EXERCISE BRIEF » Retype the data exactly, skipping any picture in it.

RECORDS FOR THIS EXERCISE »
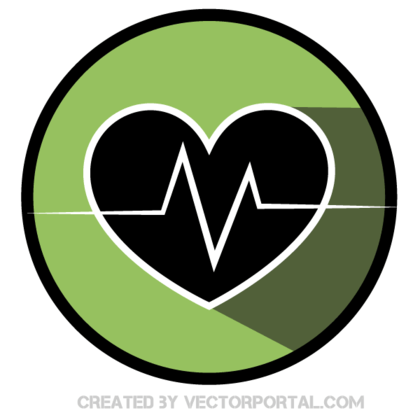 Heart Symbol Illustrator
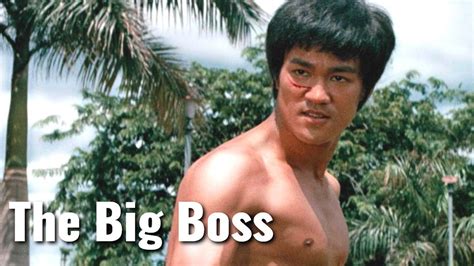 Bruce Lee The Big Boss Soundtrack Tracklist Revised Bruce Lee The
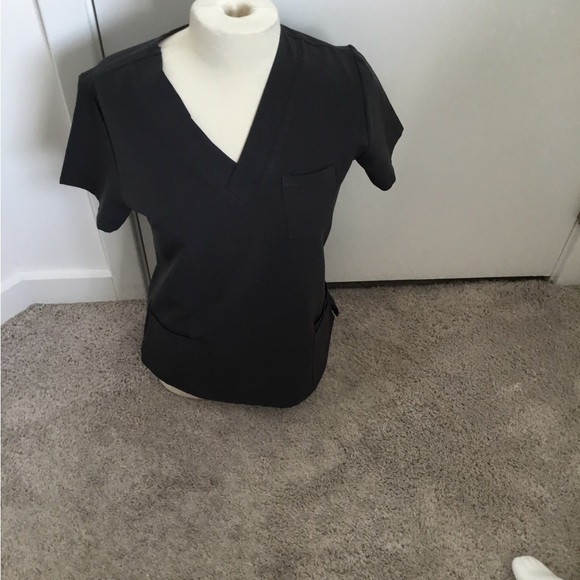 Health Wear and Lush Gray. Scrubs  Stretchy Size Small Medium $35 - Picture 12 of 15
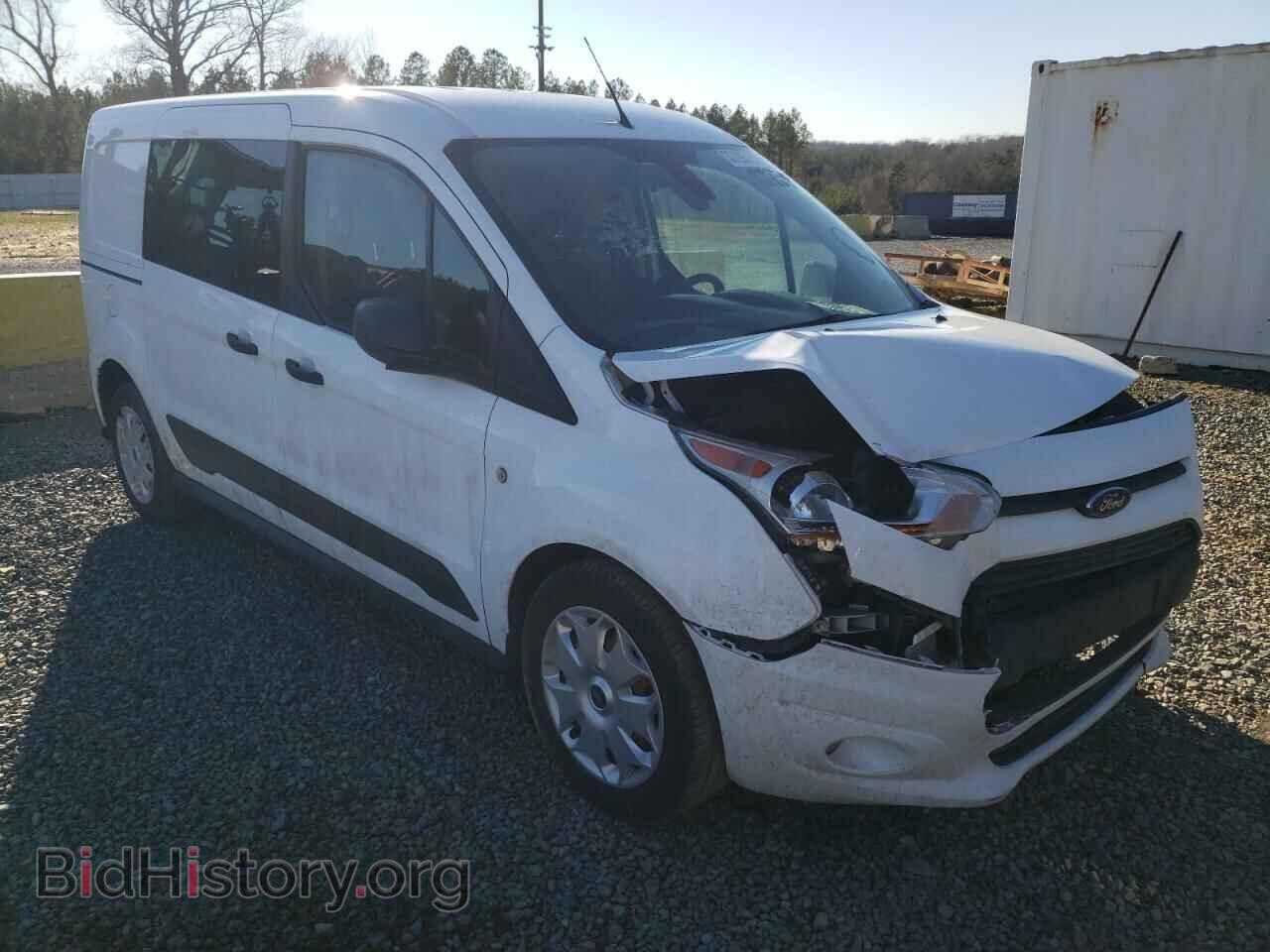 Фотография NM0LS7F77J1378300 - FORD TRANSIT CO 2018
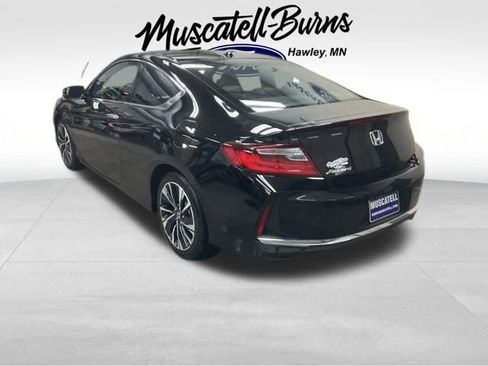 Used 2017 Honda Accord EX-L image 3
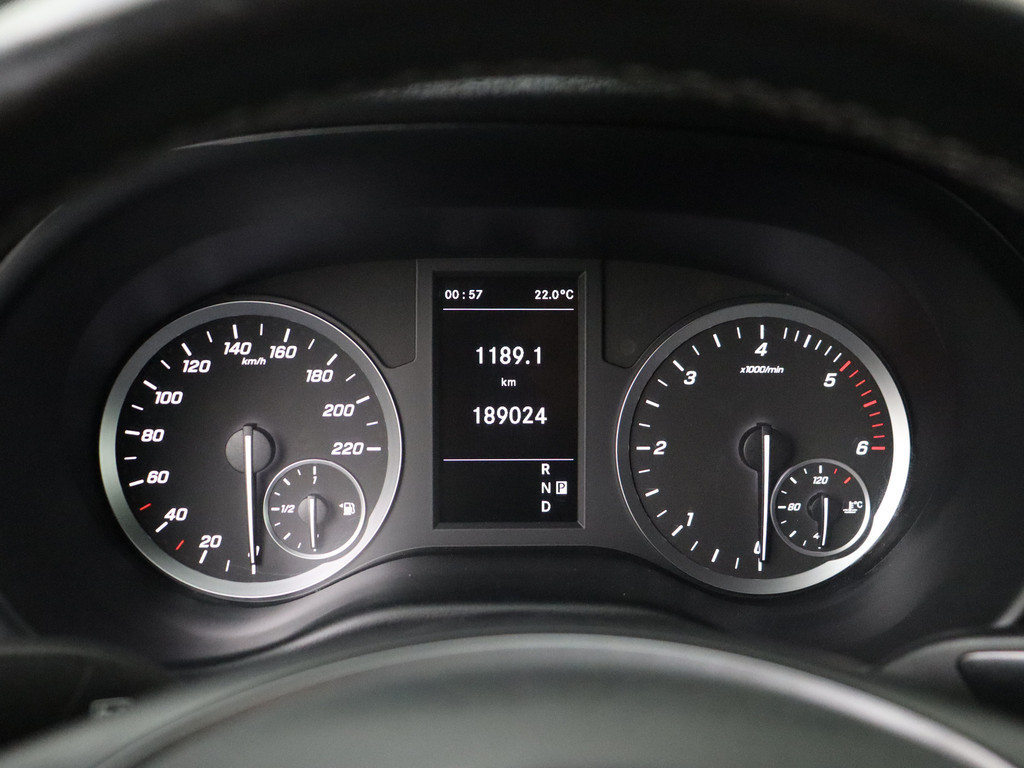 Mercedes-Benz Vito 116CDI 9G-Tronic Automaat Lang | 2xSchuifdeur | Navigatie | Airco | Cruise | Trekhaak 9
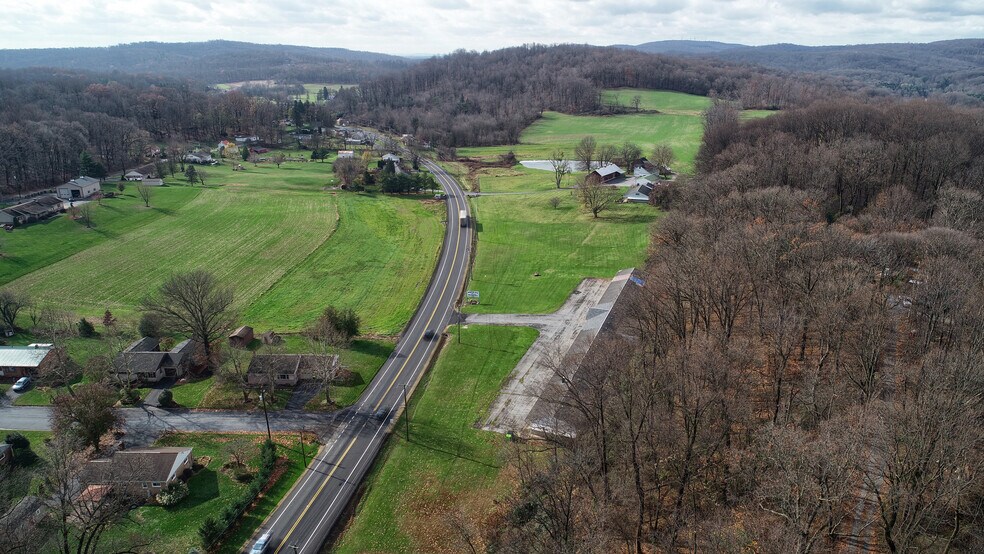 More Photos Of 4221 Stiegel Pike, Newmanstown Hotel For Sale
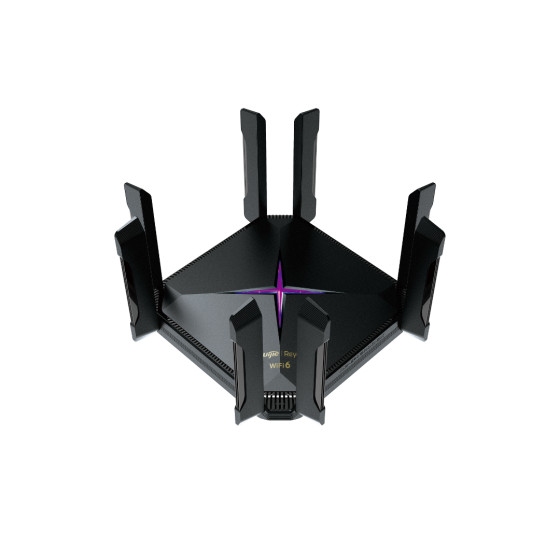 Routeur Wi-Fi maillé Ruijie Reyee Wi-Fi 6 6000 Mbit/s (RG-EW6000GX)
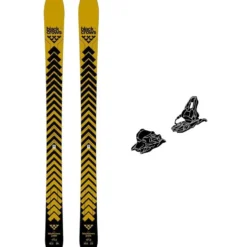Sci Black Crows Justis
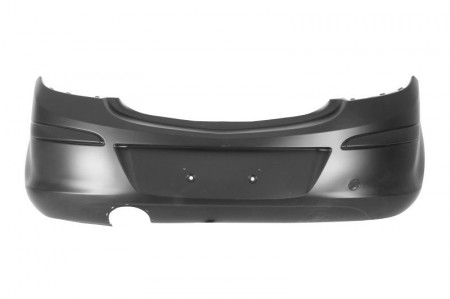 Bara spate compatibila cu OPEL CORSA D 2006-2014 cu un dop de cirlig de remorcare, SPORT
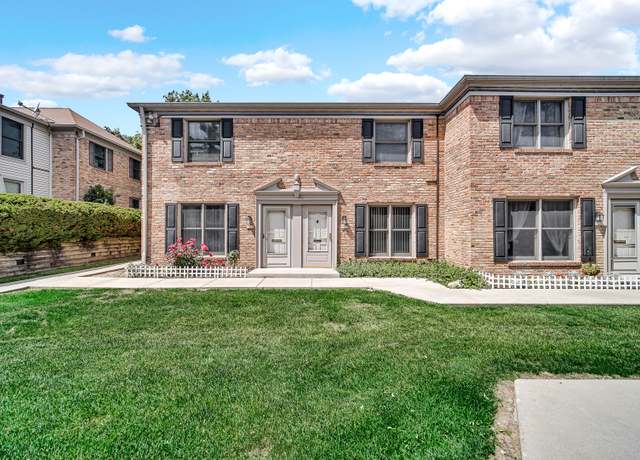Property at 1746 Sessions Walk #1746, Hoffman Estates, IL 60169, 2 beds, 1.5 baths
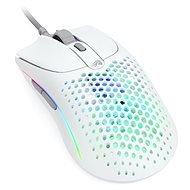 Glorious Model O 2 Gaming Mouse - mattweiß - Gaming-Maus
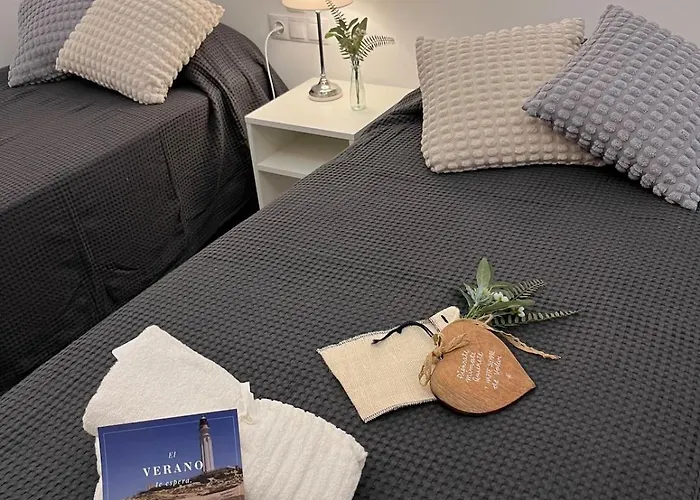 Family Sea & Cabanyal Apartment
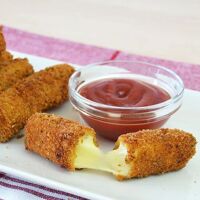 mozzarella-stick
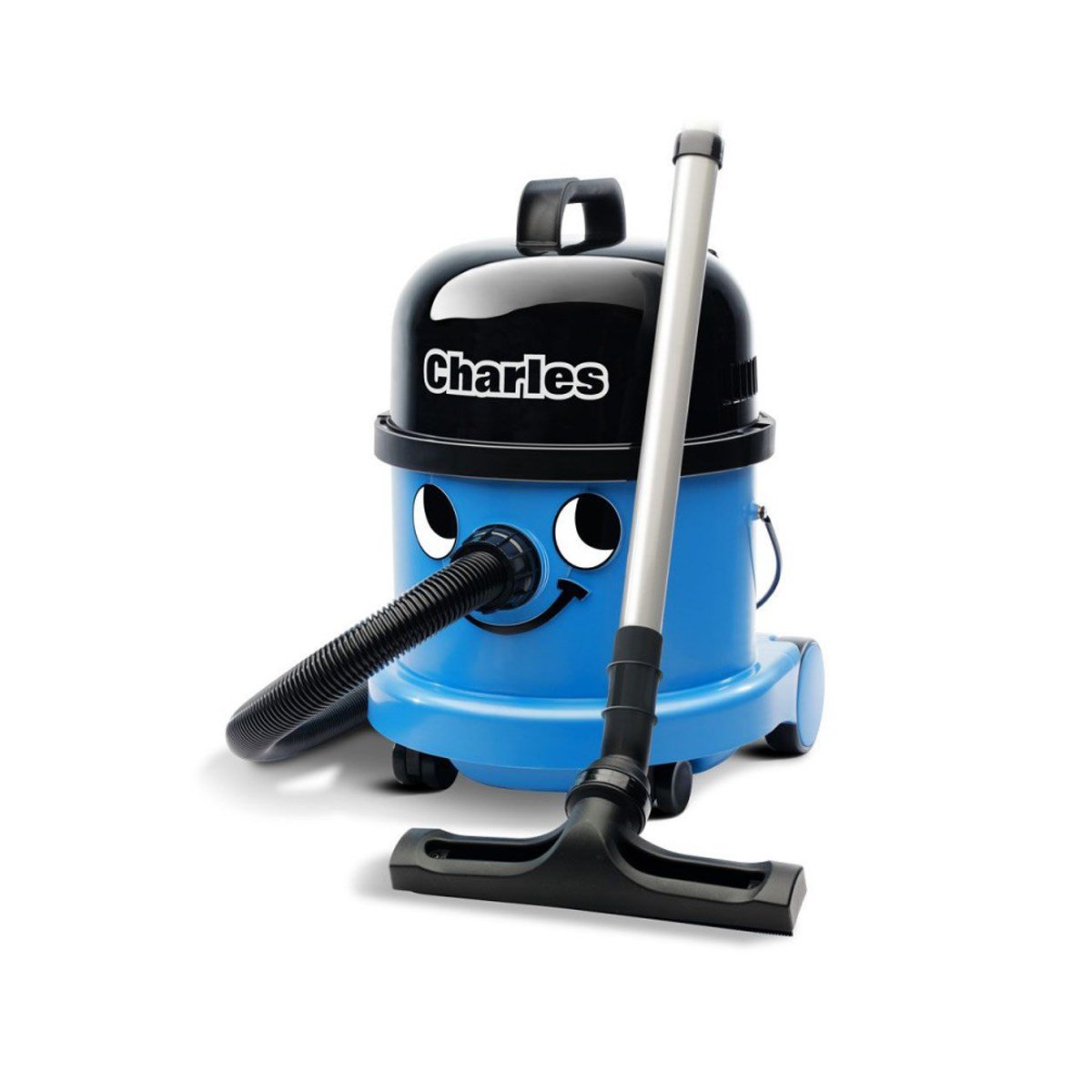 Numatic Charles CVC370-2 Islak ve Kuru Tip Elektrik Süpürgesi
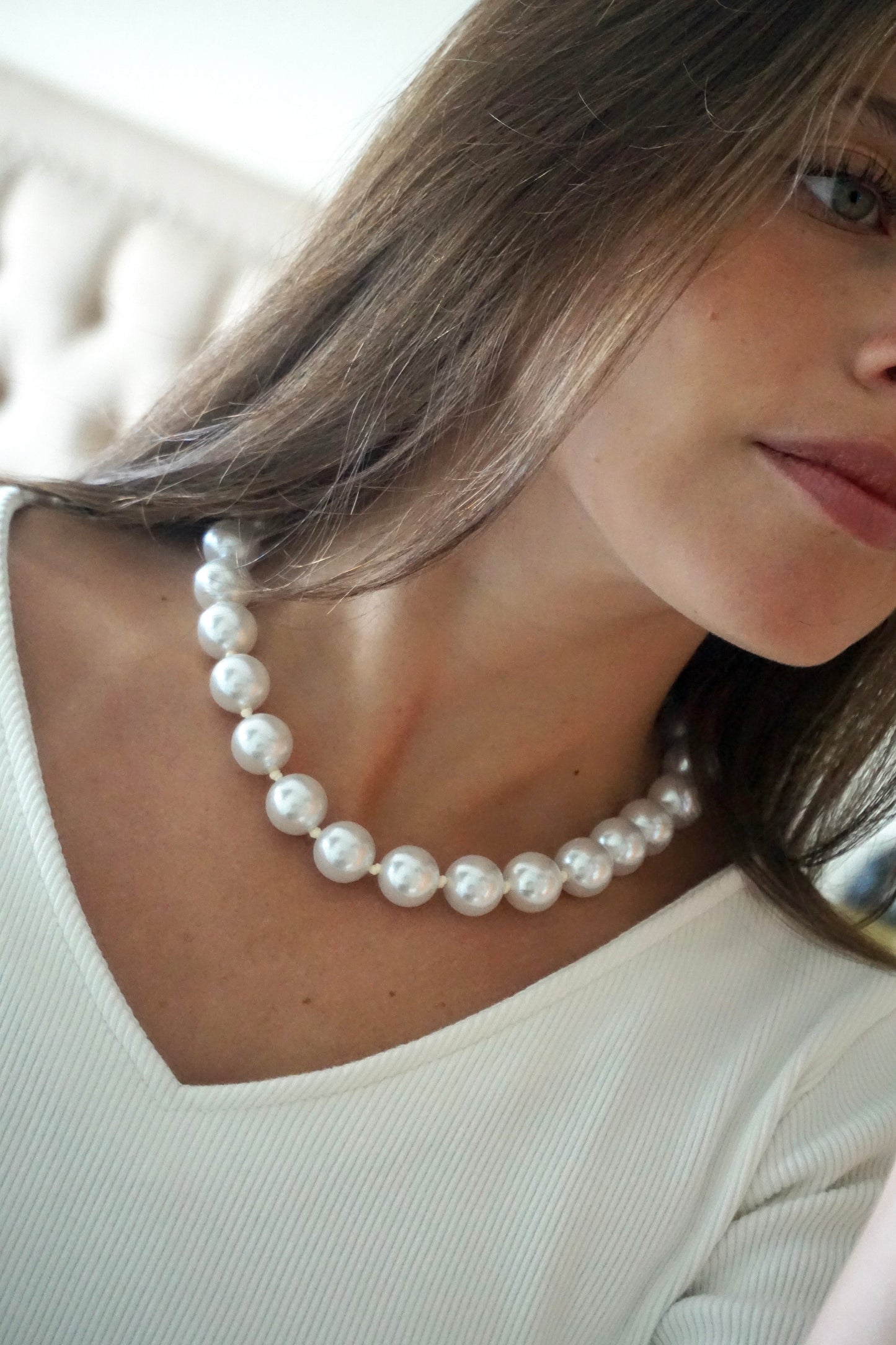 COLLAR JACINTA PERLA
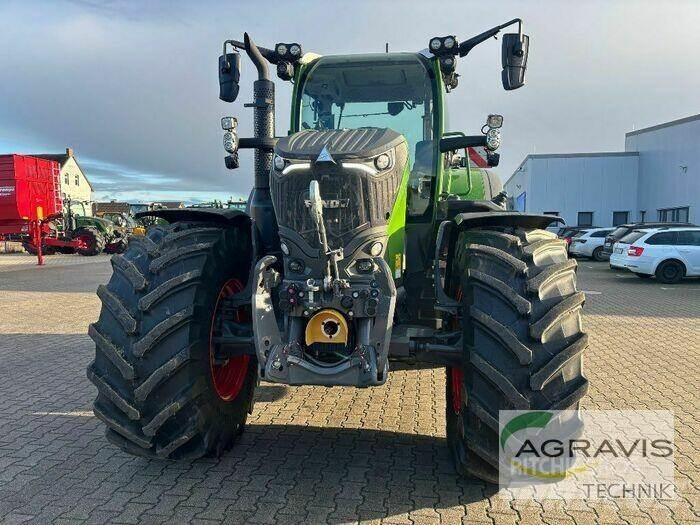 Fendt 726 VARIO GEN-7 Traktoriai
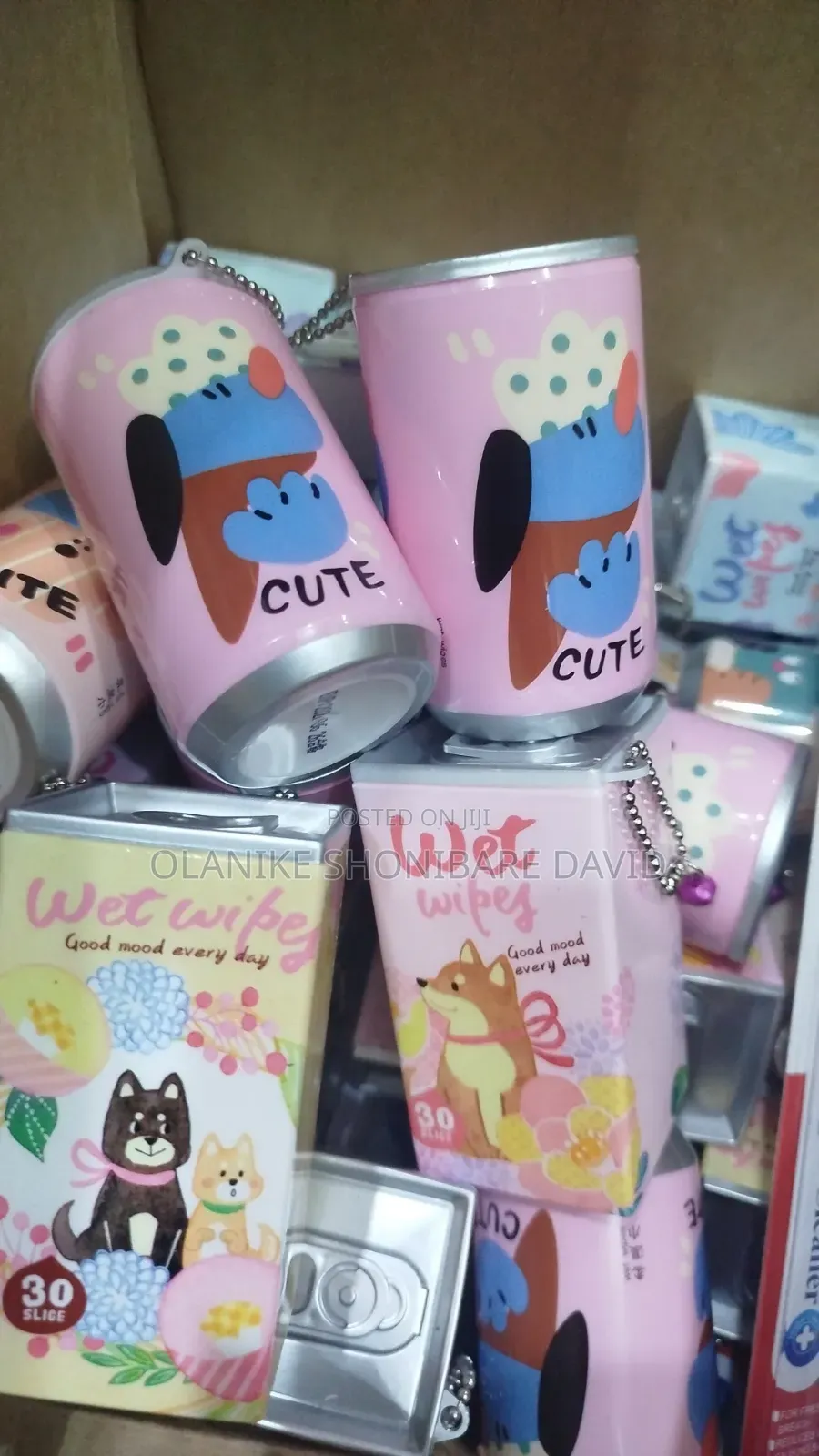 Face Wipes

ANSWER SPACE »
 Heart Symbol Illustrator
 Bruce Lee The Big Boss Soundtrack Tracklist Revised Bruce Lee The
 Health Wear and Lush Gray. Scrubs  Stretchy Size Small Medium $35 - Picture 12 of 15
 Фотография NM0LS7F77J1378300 - FORD TRANSIT CO 2018
 Used 2017 Honda Accord EX-L image 3
 Mercedes-Benz Vito 116CDI 9G-Tronic Automaat Lang | 2xSchuifdeur | Navigatie | Airco | Cruise | Trekhaak 9
 More Photos Of 4221 Stiegel Pike, Newmanstown Hotel For Sale
 Routeur Wi-Fi maillé Ruijie Reyee Wi-Fi 6 6000 Mbit/s (RG-EW6000GX)
Sci Black Crows Justis
 Bara spate compatibila cu OPEL CORSA D 2006-2014 cu un dop de cirlig de remorcare, SPORT
Property at 1746 Sessions Walk #1746, Hoffman Estates, IL 60169, 2 beds, 1.5 baths
 Glorious Model O 2 Gaming Mouse - mattweiß - Gaming-Maus
 Family Sea & Cabanyal Apartment
 mozzarella-stick
 Numatic Charles CVC370-2 Islak ve Kuru Tip Elektrik Süpürgesi
 COLLAR JACINTA PERLA
 Fendt 726 VARIO GEN-7 Traktoriai
 Face Wipes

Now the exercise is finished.